Bukan tanpa alasan kenapa gue se-begitu betahnya berada dikota Bogor. Dan nampaknya catatan ini mulai menampakan identitasnya bahwa ini adalah sebuah salinan pengakuan selama perjalanan ini berlangsung. Dan gue cukup sadar untuk melakukan ini selama nafas masih menderu dengan liar.

Okey kita kembali ke kota Bogor. Di akhir tahun 2010 gue memutuskan untuk melanjutkan studi (kuliah) di kota Bogor, seperti yang gue ceritakan pada bab awal ketika catatan ini dimulai. Tahun 2011 akhirnya gue tercatat sebagai mahasiswa aktif di salah satu Universitas Swasta ternama dikota Bogor. Singkat cerita, rupanya gue cukup gesit untuk berbaur dan beradaptasi. Sehingga untuk mendapatkan kawan baru bukanlah hal yang rumit untuk gue lakuin. Factor ini juga lah yang kemudian mengantar gue untuk mengenal jenis-jenis Ganja di pasar gelap dalam ruang lingkup mahasiswa serta Jalur peredarannya. Baik dari pemakai, pengedar, atau juga siapa yang menjadi pemakai sekaligus pengedar. Tentunya gue butuh waktu hampir 2 sampai 3 tahun untuk memahami dan mempelajari serta mengantisipasi dari bahaya yang di akibatkan jika berani menggauli Ganja. Baik dari sisi pemakai maupun sebagai pengedar (Bisnis).

Singkat cerita, suatu ketika temen sekamar gue berujar.

“Zer, lu mau bisnis gak?”

Tanpa pikir panjang gue bilang hayuuu. “Emang bisnis apaaan?”

“Jangan banyak nanya ikut ajah, nanti juga lu tau”. Ungkap temen gua.

Selang beberapa saat kemudian handphone temen gue berdering dengan kencang. Tanpa ada pertanyaan yang keluar dari mulut gue, kami pun meluncur pergi setelah temen gue mengangguk-ngangguk pertanda mengerti akan instruksi dari ujung telephone.

Beberapa saat kemudian, tibalah kami di sebuah perempatan jalan protocol kota Bogor. Dari ujung jalan terlihat beberapa toko bunga. Di ujung yang lain nampak deretan toko ikan yang bersebelahan dengan sebuah rumah makan padang. Dalam hitungan menit semenjak kedatangan kami, tiba-tiba temen gue memberi intruksi setelah membaca messagge yang masuk:

“Zer lu disini ajah, biar gua yang samper”. Ucapnya.

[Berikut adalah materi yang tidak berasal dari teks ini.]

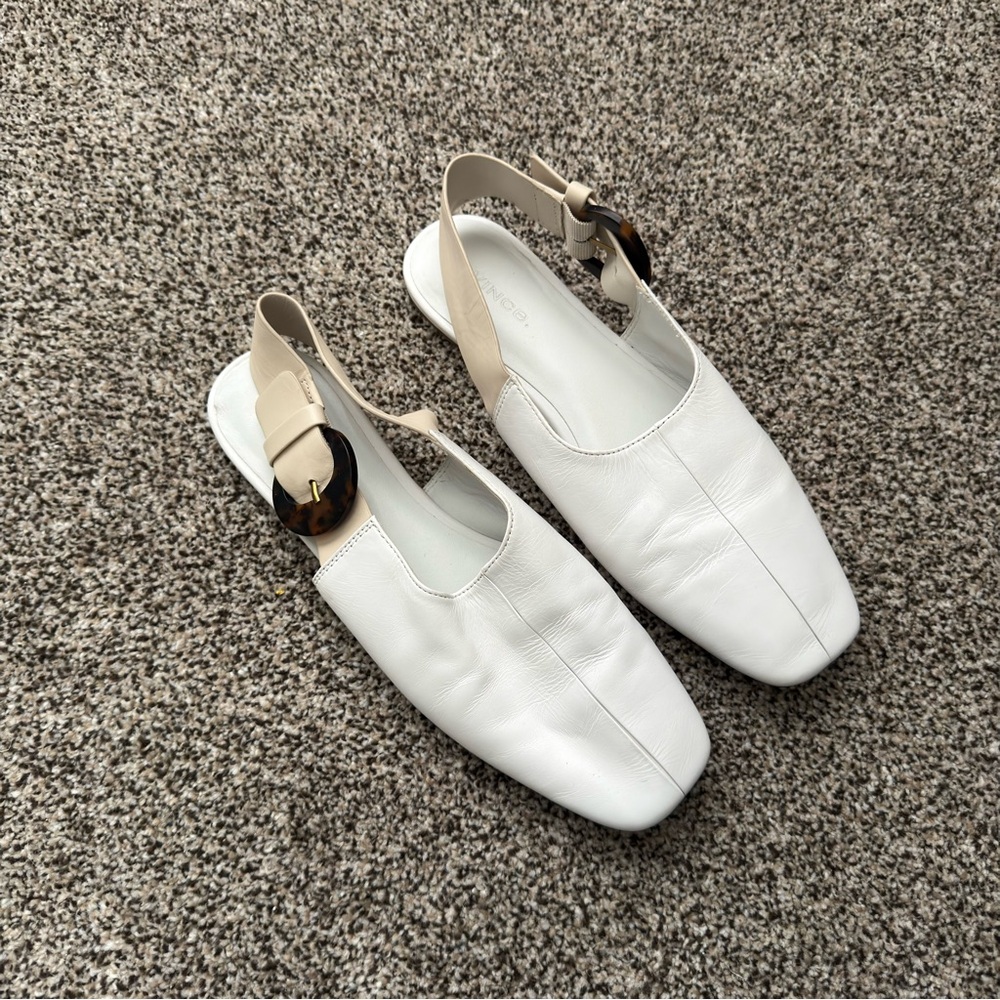 Vince White Leather Sling Back Flats - Picture 2 of 5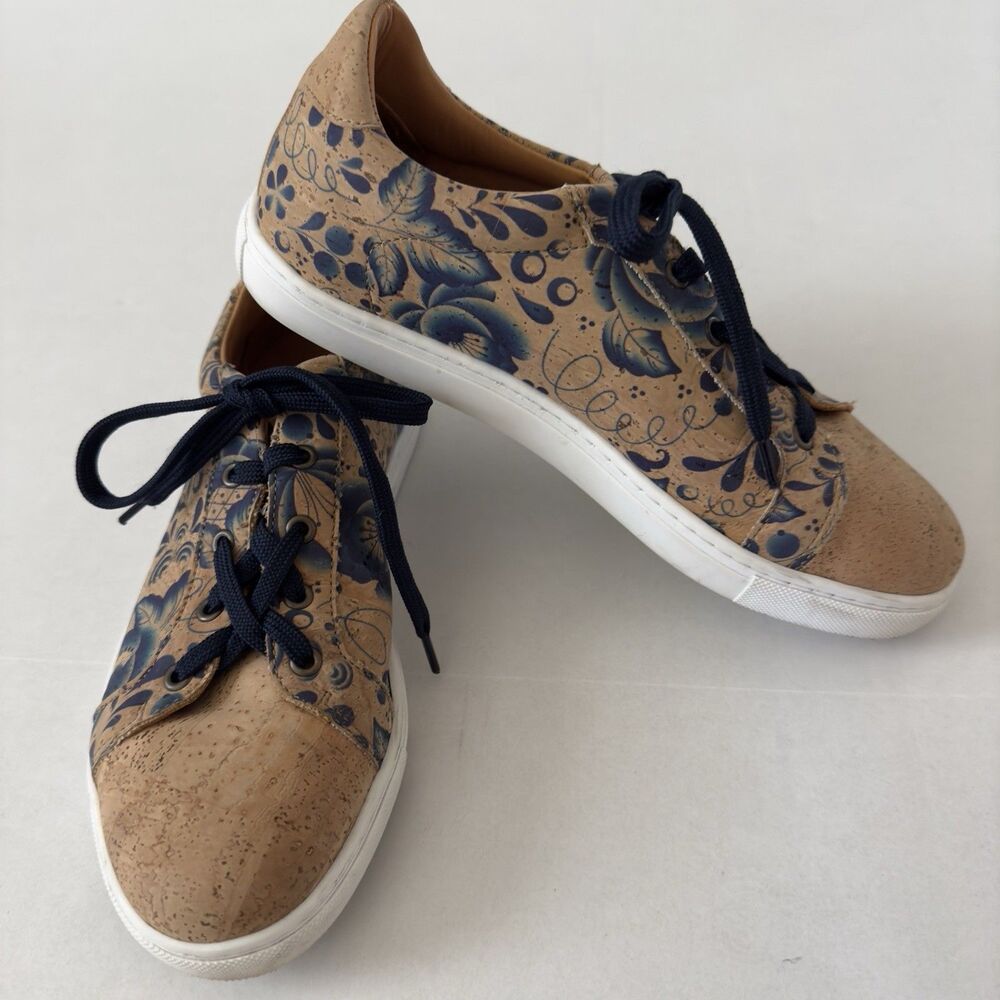 Natural Cork Sneakers Blue Floral Women's Portugal 38 US 7.5 /8 Lace Up Comfort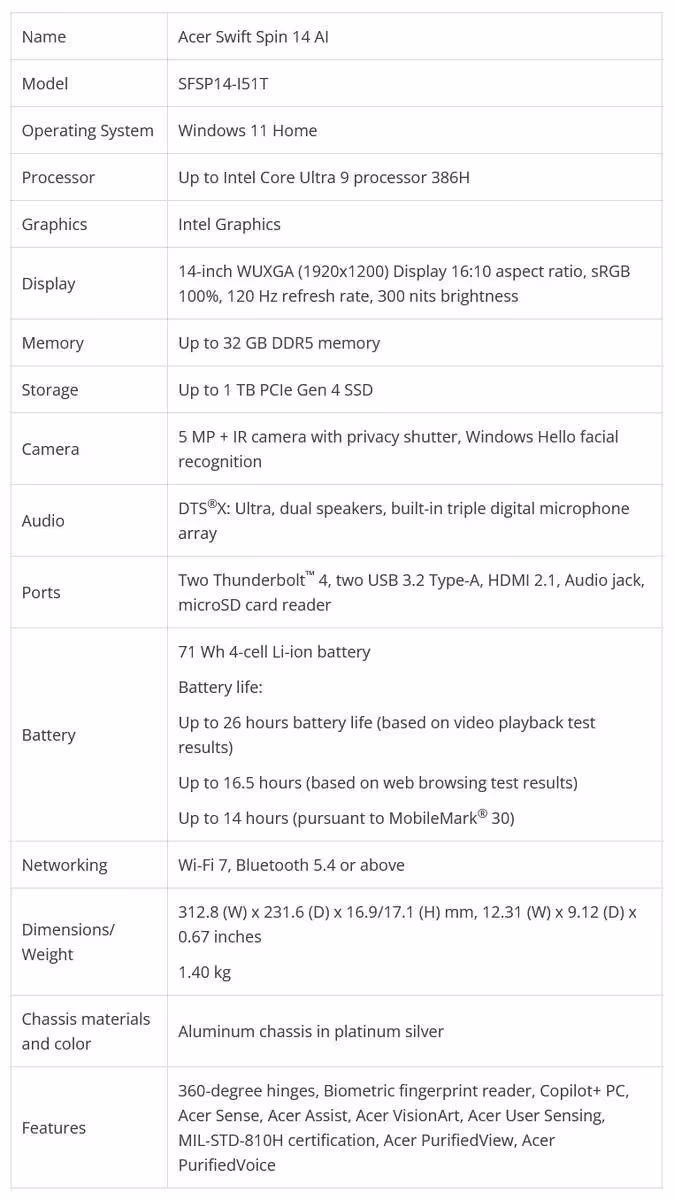 Tableau de spécifications du Acer Swift Spin 14 AI, avec Intel Core Ultra, écran 14 pouces et charnière 360°.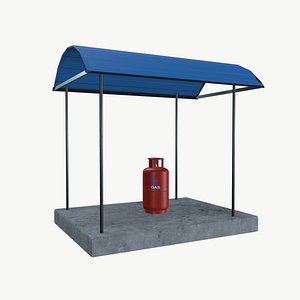 3D model Shed and Gas Cylinder
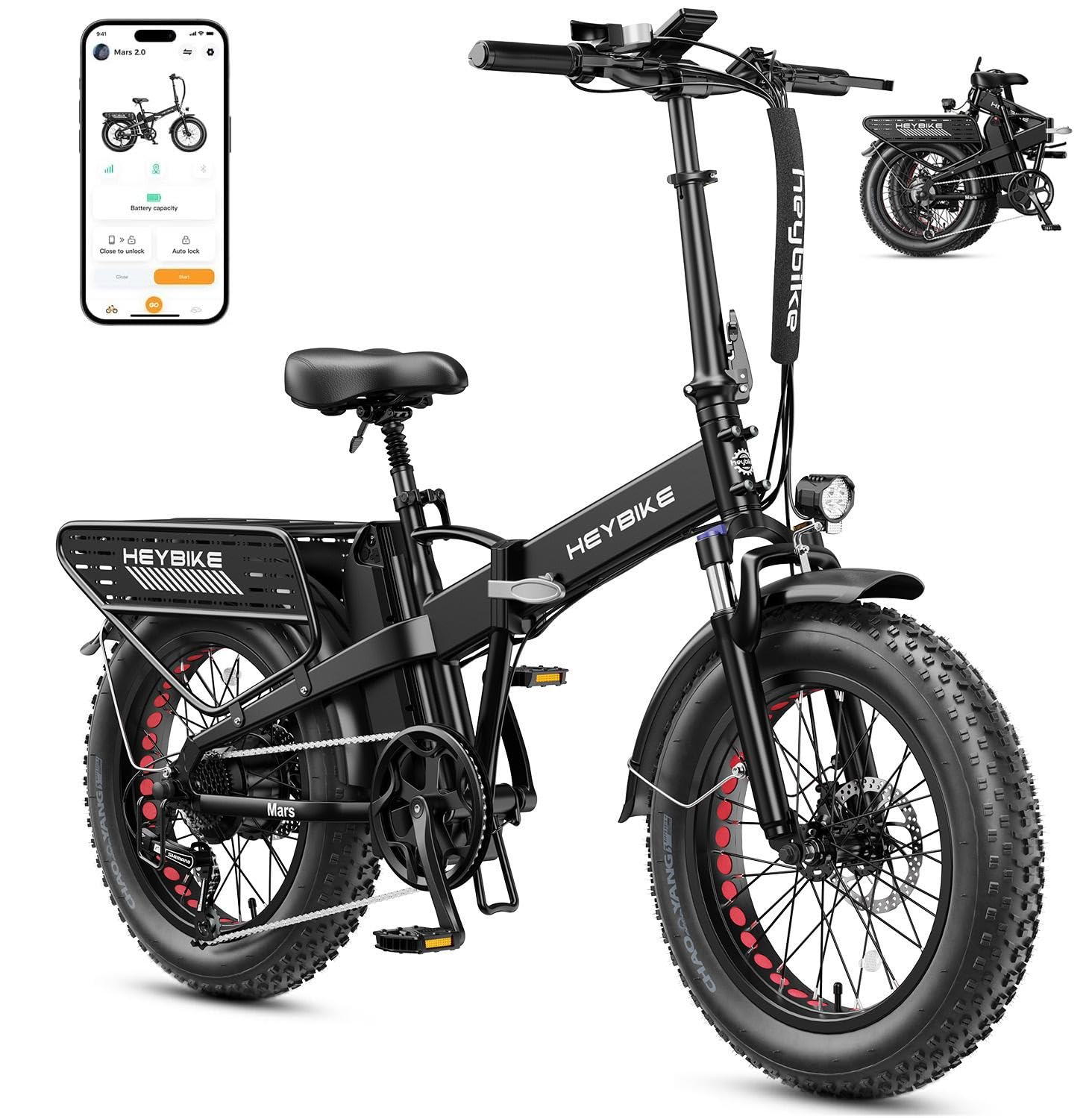 Heybike Mars 2.0/3.0 Foldable Electric Bike, UL2849 Certified, 70+Miles Long Range, 1400W/1800W Peak Motor 32MPH, 624WH Removable Battery, 20"*4 Fat Tire Ebike for Snow, Commute, Full Suspension
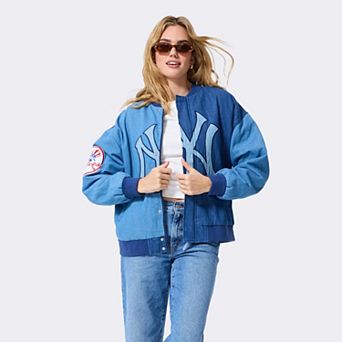 Women's Terez Blue New York Yankees Denim Blocked Bomber Jacket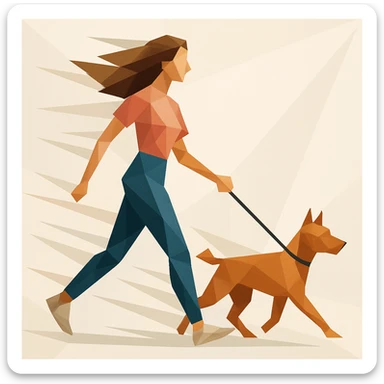 Woman walking a dog, both stylized in faceted motion lines.


 sticker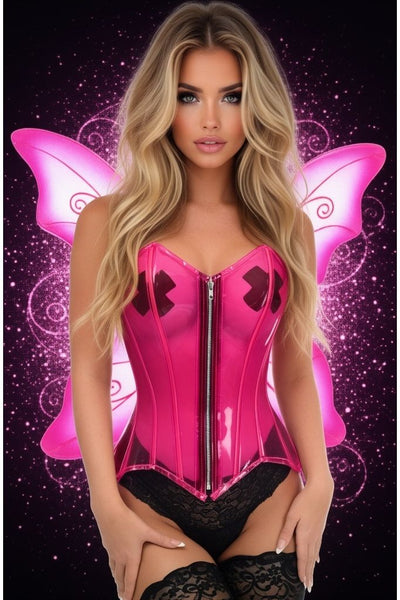 Lavish 2 PC Clear Pink Pixie Fairy Corset Costume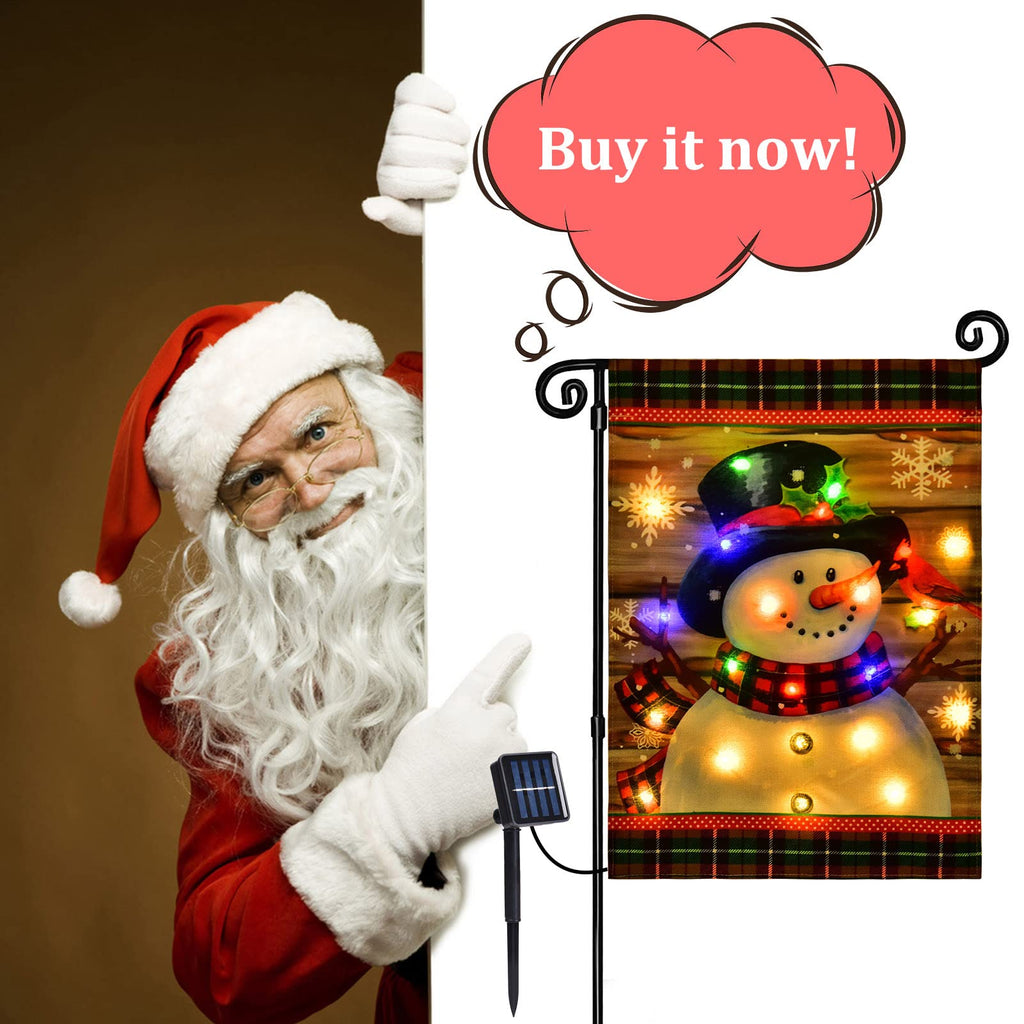 FLAGMESAGE Lighted Christmas Snowman Garden Flag Outdoor Decor, 12x18 In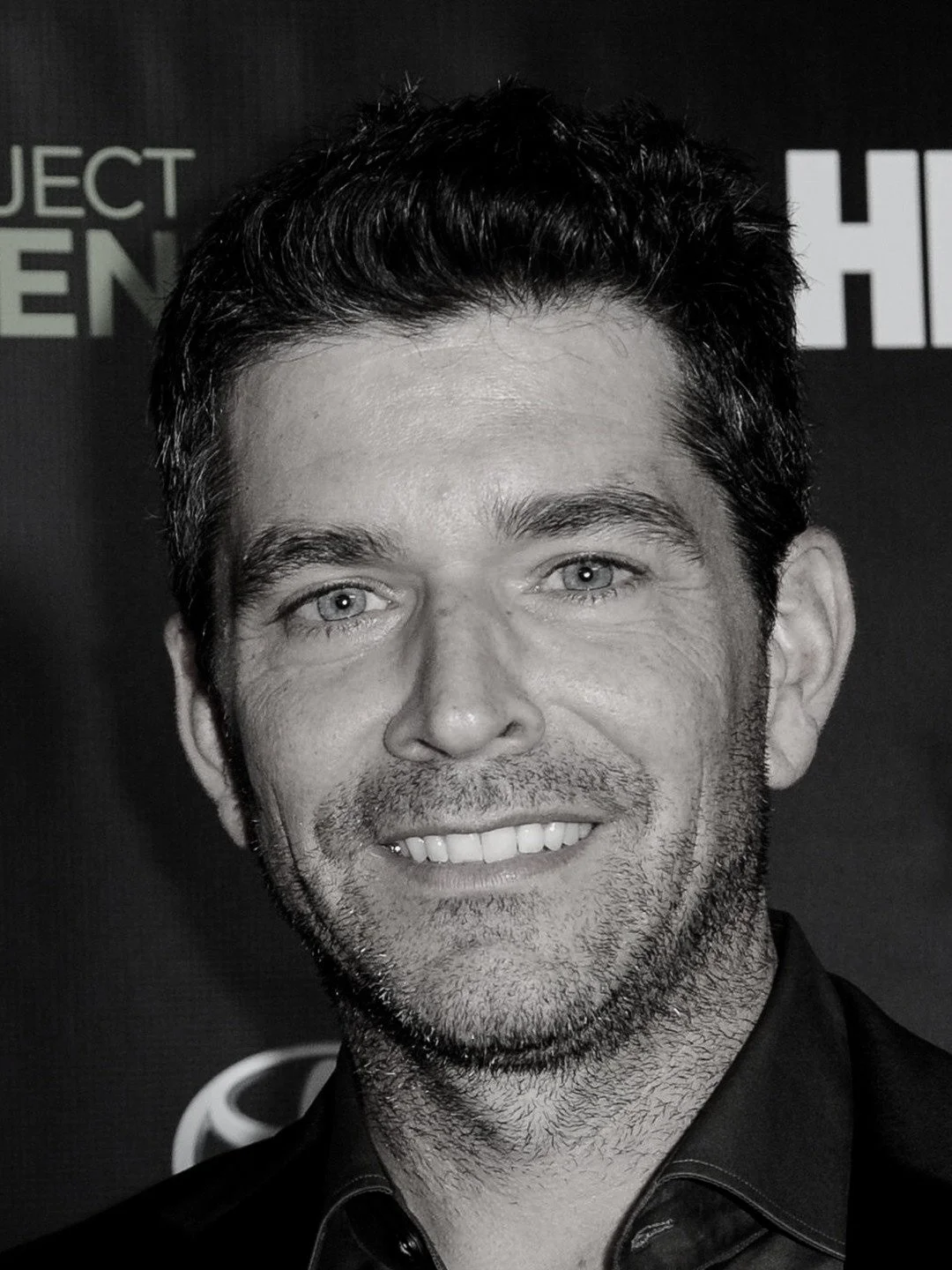 Black and white close-up photo of Marc Joubert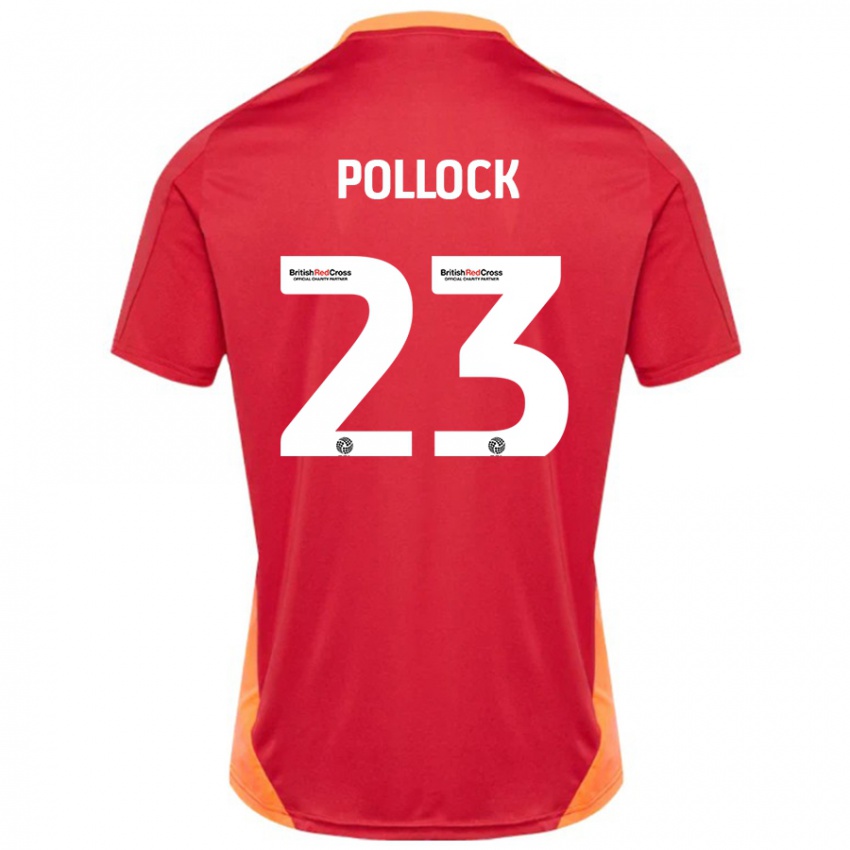 Enfant Maillot Amber Pollock #23 Bleu Blanc Cassé Tenues Extérieur 2024/25 T-Shirt Belgique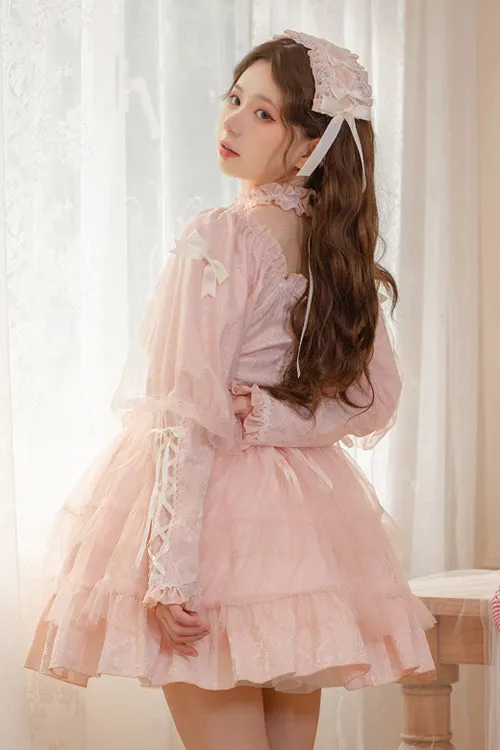Love Overture Ruffled Bow Long Sleeves High Waisted Sweet Lolita OP Dress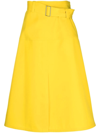 Jil Sander Belted Wool Midi Skirt In Yellow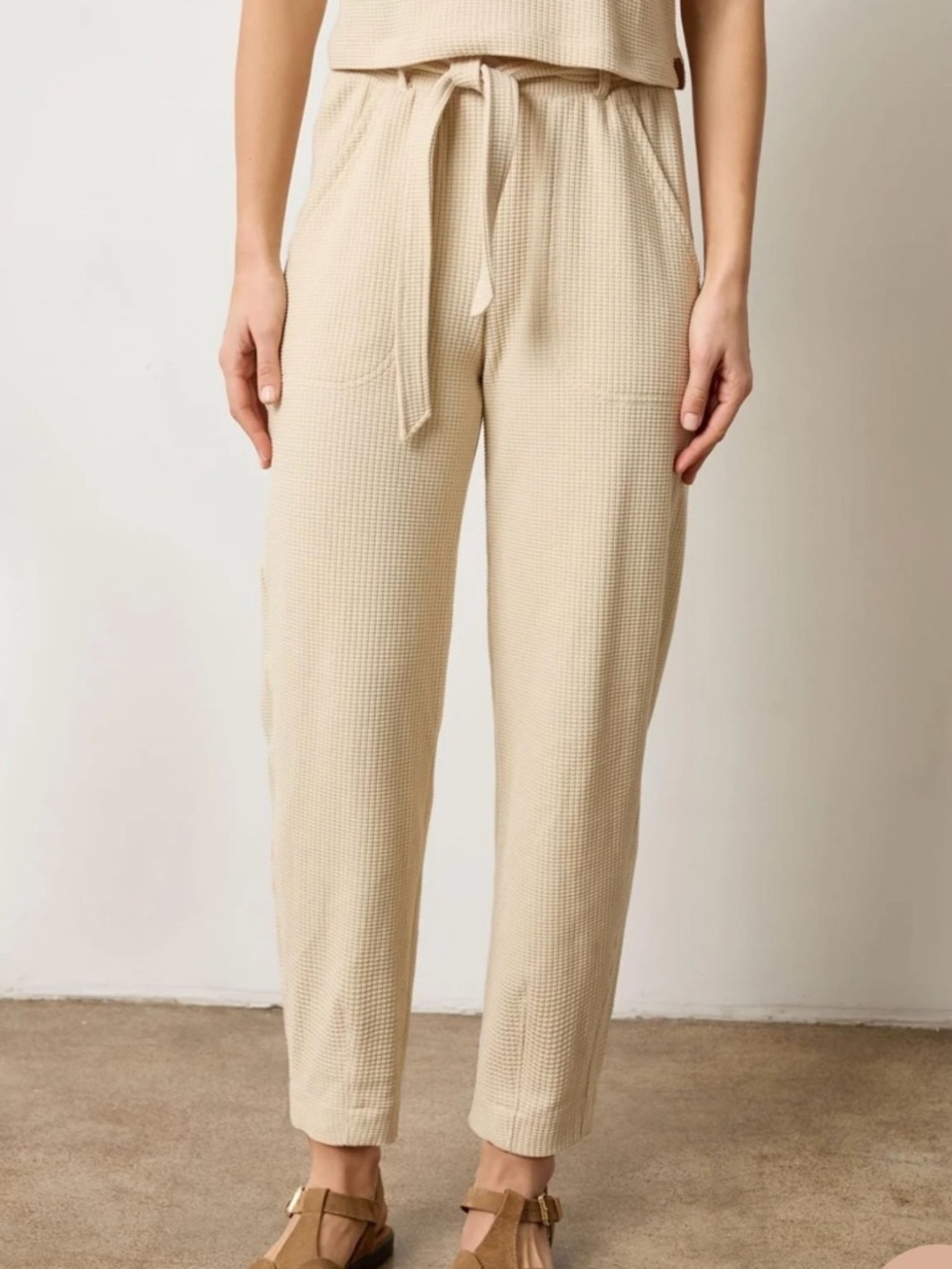 New Lilla P Waffle Knit Jogger Ivory Belted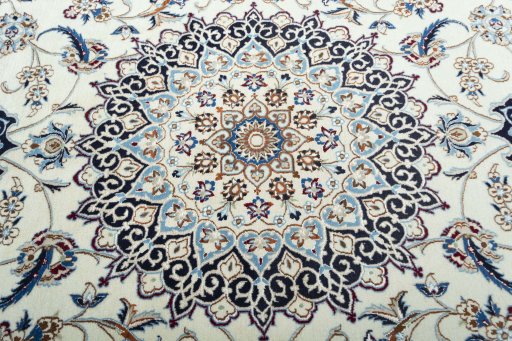 Central medallion detail of New Nain rug from Iran / Persia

Gue pun menganggukan kepala pertanda setuju.

Tidak jauh dari tempat gue memarkir motor, temen gue berjalan menuju tong sampah yang berada di sisi jalan lainnya. Karena posisinya yang berseberangan, gue gak bisa melihat dengan jelas siapa yang ia temui. Di lain sisi gue ngikutin apa kata temen gue tentunya. Yaitu gue kudu nunggu dimari.

Selang beberapa saat, temen gue kembali dan tanpa basa-basi langsung menancapkan gas kemudiaan melaju pergi. Setibanya dikossan ia langsung memberi kode, seolah-olah menyalahkan lampu hijau tanda bahwa ia akan memberitahukan sesuatu. Sepintas, ia sudah tahu apa yang akan gue tanyakan perihal lalu-lalang barusan yang gua bdua kerjakan.

“Tadi siapa moy?”

“Itu mah partner, Nih ambil duit,”

Terlihat beberapa lembar pecahan lima puluh ribuan.

“Oia ini lu mau nyobain gak?” Tanya si amoy.

“Apaan ini?”.

Tampak beberapa linting dalam bungkus rokok yang sepintas terlihat seperti pocong dalam ukuran mini.

“Udeh isep aja, kek ngeroko tapi asapnye jangan di buang”. Jelas dia sekali lagi.

“Gak brasa apa-apa”. Kata gue lagi.

“Iyye tunggu aje, nanti juga naik”.

Tak butuh waktu lama. Kami bdua pun terhanyut dalam tawa dengan mata yang memerah. Yap semua pocong mini itu gue bakar tanpa ada sisa sama sekali.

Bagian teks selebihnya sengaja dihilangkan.